Why the cost of Donald Trump’s plan to scrap nuclear arms control treaty may not be worth the gains in Asia
- Ankit Panda writes that a US pull-out from 1987 treaty would expose Europe to a threat from Russian cruise missiles
- The move may be aimed at countering China, but the benefits of doing it this way are debatable
The sole remaining cold war arms control treaty between the United States and Russia may be on its last legs. US President Donald Trump, egged on by his arms control-averse adviser on national security affairs, John Bolton, has said Washington will leave the Intermediate-Range Nuclear Forces Treaty.
Signed in 1987, the treaty was the first to result in the destruction of an entire class of nuclear and conventional weaponry.

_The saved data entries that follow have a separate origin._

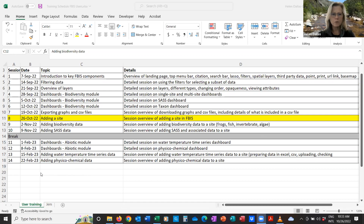For those of you who haven't been here before, this is the FBIS training session. We're running 10 training sessions of one hour duration each, which started in September. The one we're going to focus on today is actually a very important one because it's the first of how you capture data onto the FBIS platform. Today we'll be going through how you would actually add a site to FBIS and the aspects and issues you need to be mindful of when doing that.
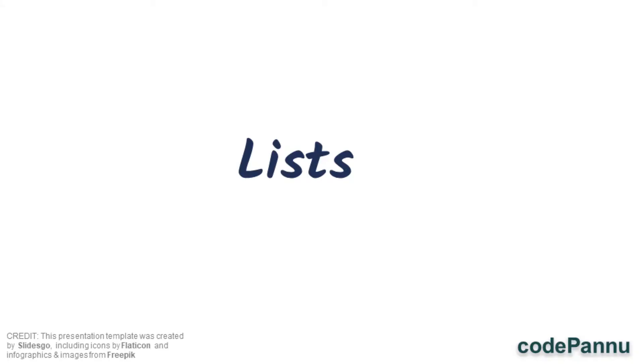This is the fifth video for lists, and in this video we are going to see two more actions for lists. When we append or insert, one extra item is added to the list.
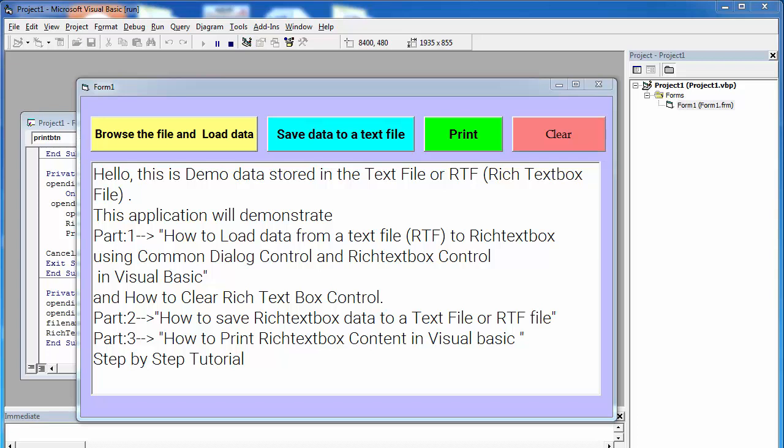Hey guys, welcome to my YouTube channel. In this video, we will discuss how to print rich text box content in Visual Basic.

It barred both the US and the Soviet Union from developing, possessing, testing or deploying ground-launched ballistic and cruise missiles with a range of 500 to 5,500km (310 to 3,417 miles). Air- and sea-launched missiles – both nuclear and conventional – were not included.
At the time, the treaty helped defuse rising tensions in Europe, where US Pershing-II and Gryphon missiles were pitted against Soviet SS-20 ballistic missiles, raising the prospect of a damaging exchange that could have easily spiralled into an all-out nuclear war.
The confidence forged between former US president Ronald Reagan and Mikhail Gorbachev, the last Soviet leader, helped build trust between the superpowers in the cold war’s final years.